If you haven’t done so yet, plant your bulbs. Bulbs that don’t need to be refrigerated can be planted until December 25th. If you wait longer than that, you run the chance of having fewer, smaller flowers. Other bulbs with higher cold requirements need to be planted in cold soil. If the weather is cool, between Christmas and New Years, plant then. Otherwise wait until the soil temperature drops being sure to plant before January 10th.
Protect tender plants from frost by covering them with a non-plastic material when frost threatens. Keeping plantings well hydrated will help frost survival also. A turgid plant will recover from frost better than a dry plant. Should a frost damage your garden, don’t be tempted to prune off the damaged parts. They’ll help protect the plant from further damage should another frost occur. Trim these parts off later in the year when all risk of frost has past.
There is a lot to do in your landscape this month. It’s time to get out there to plan ahead for spring and prepare for winter storms. Soil temperatures are still warm and the digging is easy. Get out there and plant, plant, plant!
Color: Pansies planted now will provide beautiful color through the winter months. Columbine, Cyclamen, Poppies, Primrose, Ranunculus, Snapdragon, Stock and Viola will all add a nice splash of color to your garden.
Fruits & Vegetables: Plant containerized fruit trees and bushes now. Don’t plant bare root plants until next month. Fruit trees should be sprayed for pests in 6 week intervals when the trees are in their dormant stages. An easy way to remember the schedule is to spray around the following holidays; Thanksgiving (when the last leaf has fallen), New Years Day (the height of dormancy) and Valentine’s Day (when the buds begin to swell). Remember to follow the manufacturer’s directions for application carefully. Prune old canes of berries (except raspberries) back to the ground leaving the new canes to produce fruit next year. Plant vegetables like artichokes, beets, broccoli, Brussels sprouts, cabbage, carrots, cauliflower, celery, garlic, lettuce, onion, peas, radishes, spinach and turnips. Plant strawberries.
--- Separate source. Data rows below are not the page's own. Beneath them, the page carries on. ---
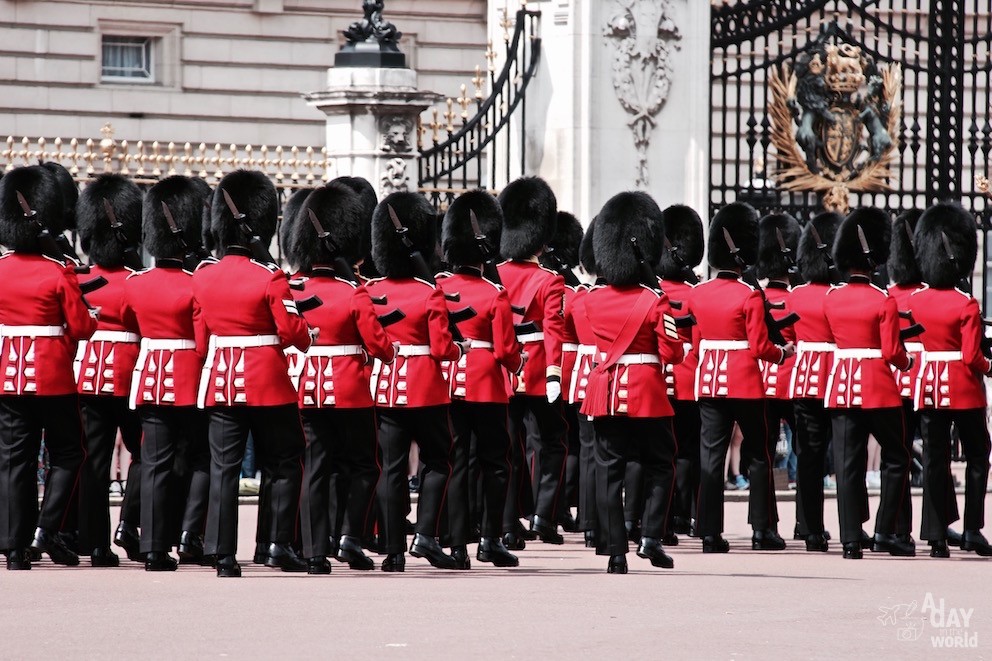 buckingham palace city guide london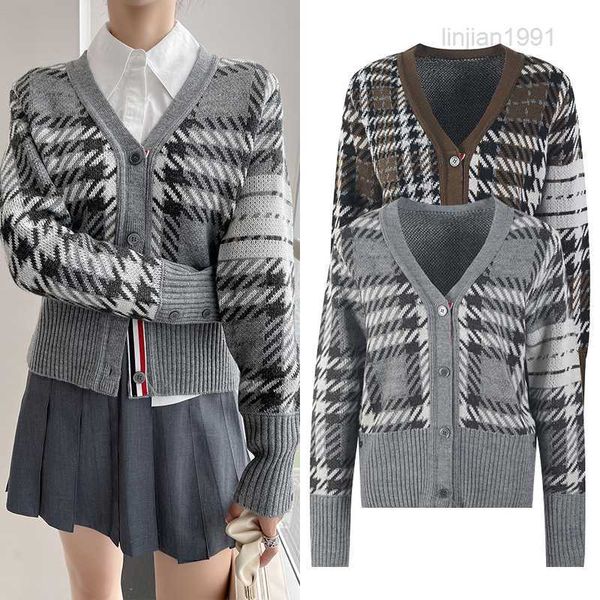 Felpe con cappuccio da uomo Felpe Temperamento di alta qualità Stile college britannico Design retrò grigio Sense TB Cappotto da donna con cardigan lavorato a maglia a righe pied de poule 230114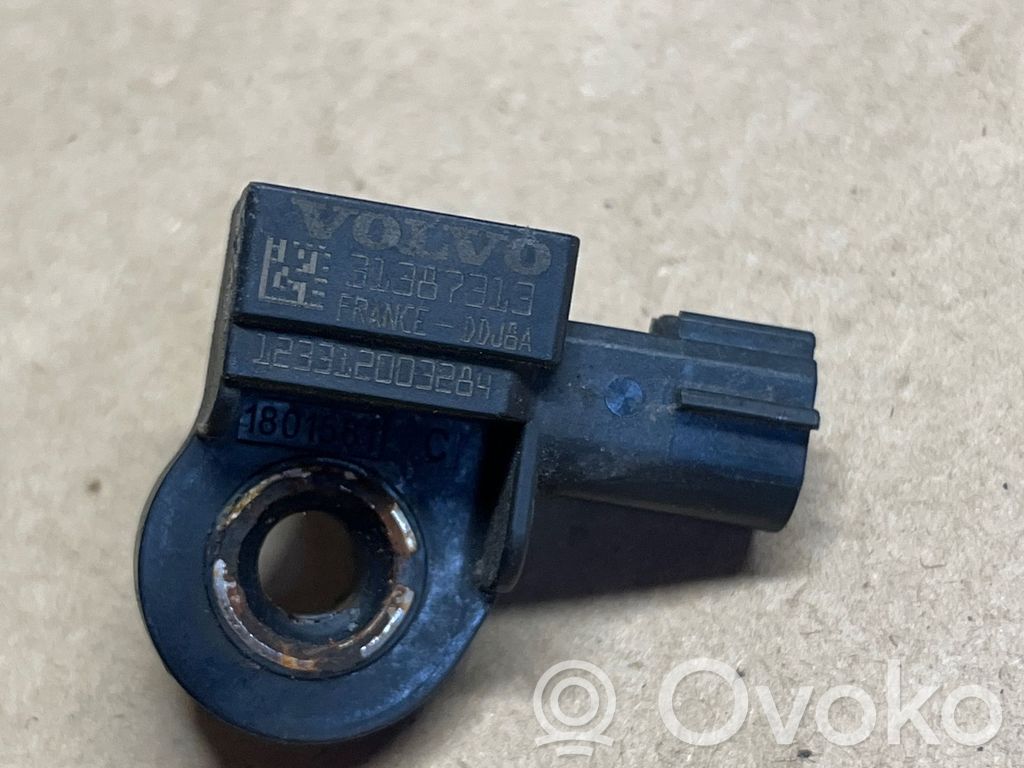 Volvo V40 Airbag deployment crash/impact sensor 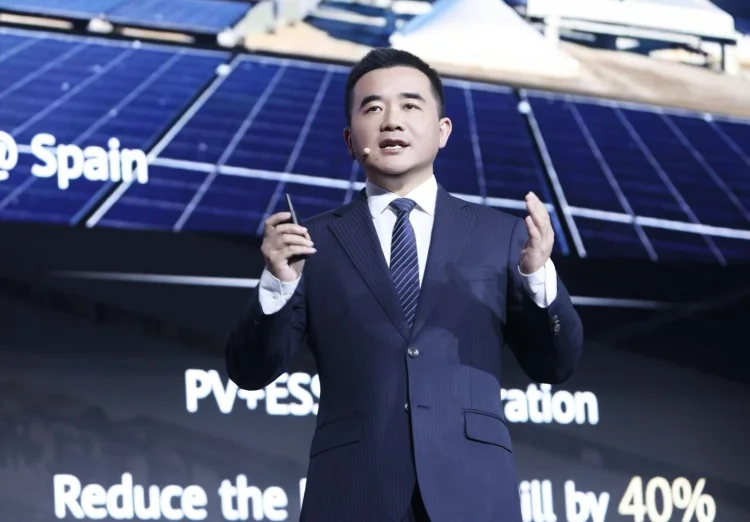 Beş teknolojik atılım... Huawei, yeni nesil şebeke oluşturucu ESS Platformu LUTERRA®'yı piyasaya sürdü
Roses & Flowers: Stop fertilizing roses this month and prune lightly. Save the hard pruning for January. Most varieties of Hydrangeas bloom on year-old stems. Don’t be tempted. Pruning now will reduce the number of flowers you have next year. To try to get blue or purple blooms on plants with normally pink flowers, apply Aluminum Sulfate now. Mulch around Camellias, Azaleas and other Rhododendrons with a high acid mulch. Removing smaller buds on Camellias will result in larger flowers later on.
Also: Cut back the ornamental grasses when they begin to show signs of new growth.
November is the time to plant natives. Even though they’re drought tolerant, they need to be watered (see water schedules for your local water agency) until they’re established.
If you haven’t done so yet, plant your bulbs. Now is the time also to divide Agapanthus, Iris, Moraea and Daylilies and transplant evergreen shrubs. (Though not tender tropicals.)
Prepare for winter rains. Trim or thin trees with heavy top branches so the wind moves through them easily. If you’re going to trim them yourself, research proper pruning methods to avoid mistakes that may cause problems later on. Double check stakes on young trees.
Not all of your work is outside. Reposition houseplants so that they benefit from the winter sunlight. Keep them away from drafts and the heat from fireplaces or heating vents.